What you return should be only the lines in the entries below between the one holding "PETITION: Sharon and" and the one holding "Leche Pal Pelo", ends included, with every picture left out.

_EXTRACTED RECORDS_:
--

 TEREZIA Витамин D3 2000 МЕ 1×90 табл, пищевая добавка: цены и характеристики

--

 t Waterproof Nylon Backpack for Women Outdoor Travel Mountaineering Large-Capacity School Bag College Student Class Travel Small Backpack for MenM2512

--

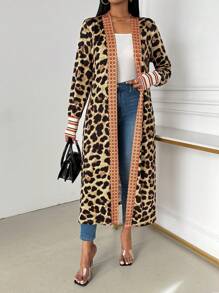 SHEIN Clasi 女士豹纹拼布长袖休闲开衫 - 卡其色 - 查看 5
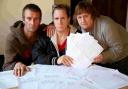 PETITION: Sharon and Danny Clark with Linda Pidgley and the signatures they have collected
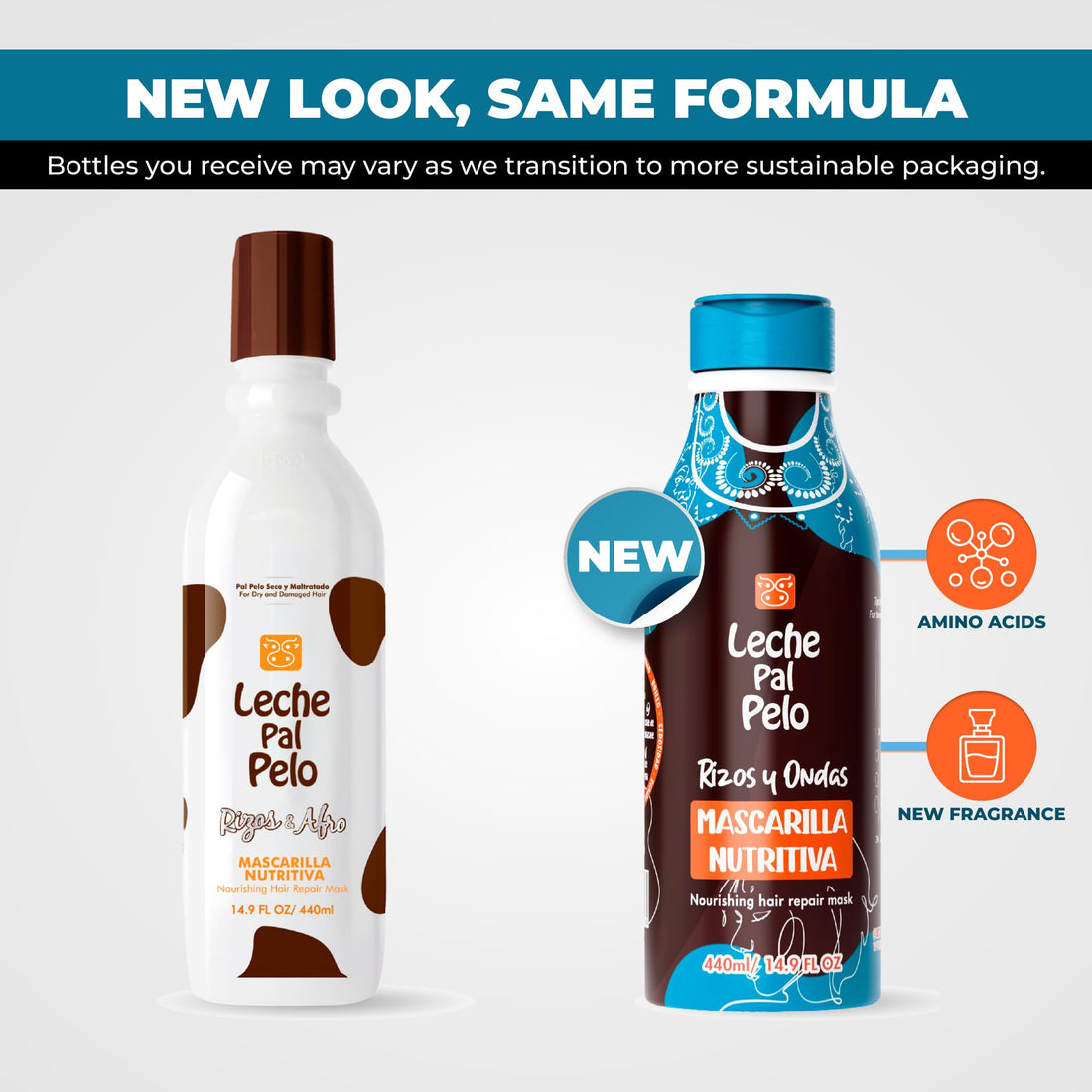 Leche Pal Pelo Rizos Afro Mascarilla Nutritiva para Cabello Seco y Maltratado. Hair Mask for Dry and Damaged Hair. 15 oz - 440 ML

--

_ANSWER SPACE_:
 PETITION: Sharon and Danny Clark with Linda Pidgley and the signatures they have collected
 Leche Pal Pelo Rizos Afro Mascarilla Nutritiva para Cabello Seco y Maltratado. Hair Mask for Dry and Damaged Hair. 15 oz - 440 ML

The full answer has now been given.